Monthly Archives: July 2021

Burndowns

In July the ocean 
burned down. The Gulf of Mexico
on fire. The oil running up to the surface
and igniting. Fireboats flooding flames
fed by hellmouth far below. Water kills fire
on water that should not burn
and we breathe a sigh of relief.
That’s who we are now.

In June churches began
to burn down. Think of all
who might have taken 
torches to the churches.
Think of terrified officials
setting matches to their guilt,
or think of the children
who did not live to see this.
Imagine it in your own way
as clean revenge, filthy cover up,
or tragedy with no concern for context:
no matter. Churches burn
and some sleep better in the firelight.
That’s who we are now.

Elsewhere precincts
and drugstores and 
people burndown as if
the air itself were on fire;
in fact, the atmosphere
is burning down. Woods and homes
flash up and vanish.
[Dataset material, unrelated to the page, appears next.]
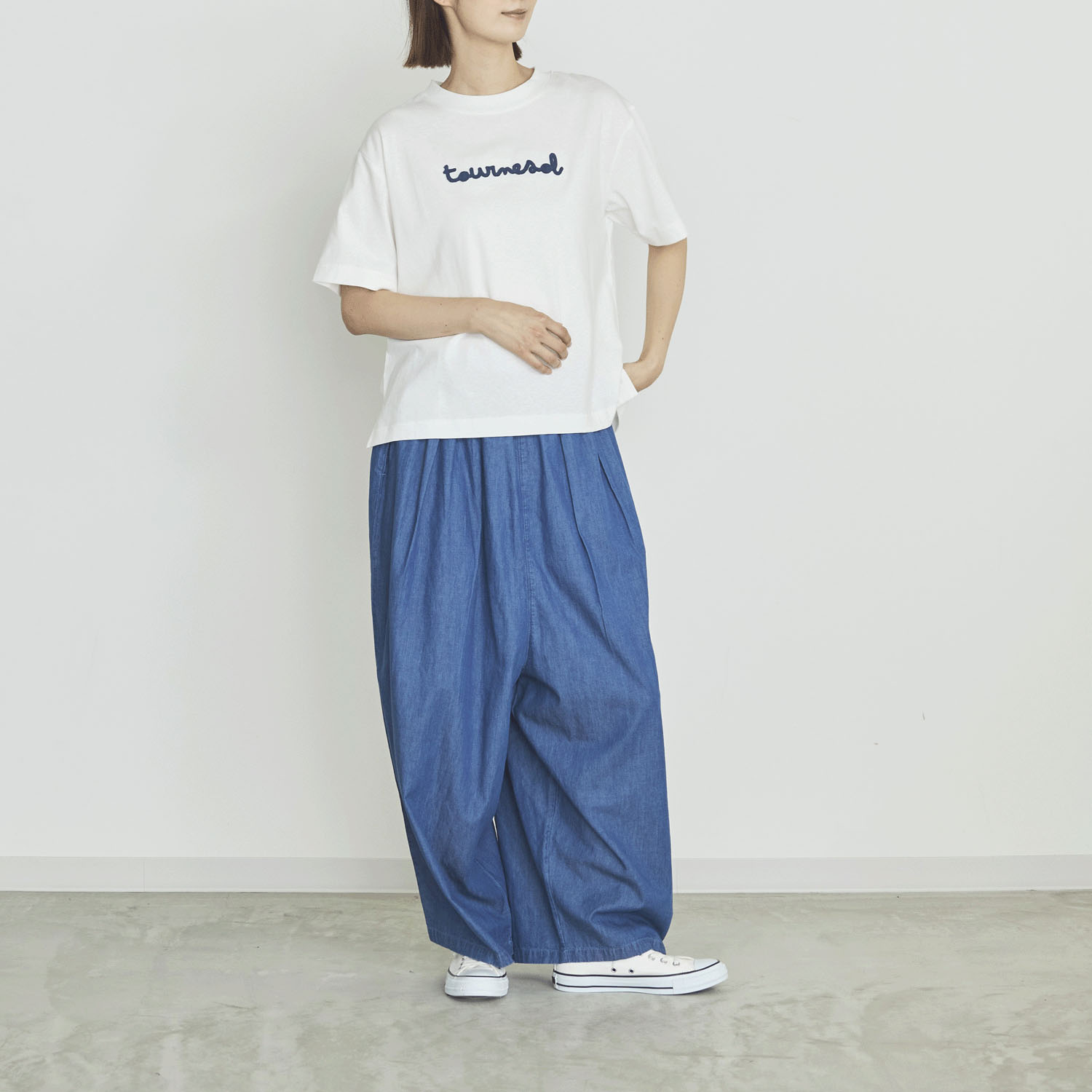 オーブ m．n ブラシ刺繍ワイドクルーネックTシャツ - 画像5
Lakes and rivers
drying into sinks and gullies.
Air thick with humidity and hubris
and get along to go along, fingers
plunged into ears against the screaming
of the losing earth. Burndown generations,
learning to live and die in the light of fireworks 
blowing up for the last time.
That’s who we are now.


Kintsugi

Open a window to see
how things have changed from yesterday,
or even as far back as the day before,
the last time the windows were open.

Look into whatever is out there:
a cloud obscuring a dimmed sun, a front yard
damp with failed promise. Having expected
so much from you, it looks back in disappointment.

The weeds keep returning and although
that is to be expected, every year it’s
a source of your submergence into regret.
Your landlord says he should have paved it all.

There are days you agree with the old grouch
until the moment the sun comes out of its obscurity
and you remember the pink and green-slate leaves
of the hen and chicks growing in the broken front wall.

You did not plant them or plan for them
but they keep fighting through to the light.
The weeds you deplore are doing the same.
Hope, in its many shades of green, always shows up.

So you sigh and dress for changing weather
and prepare to weed — taking the unwanted
away, clearing for the desirable. You think about
repairing the front wall. You decide to let that go:

what has filled in the cracks
is too settled to lose,
and too perfect inside the damage
where it grows.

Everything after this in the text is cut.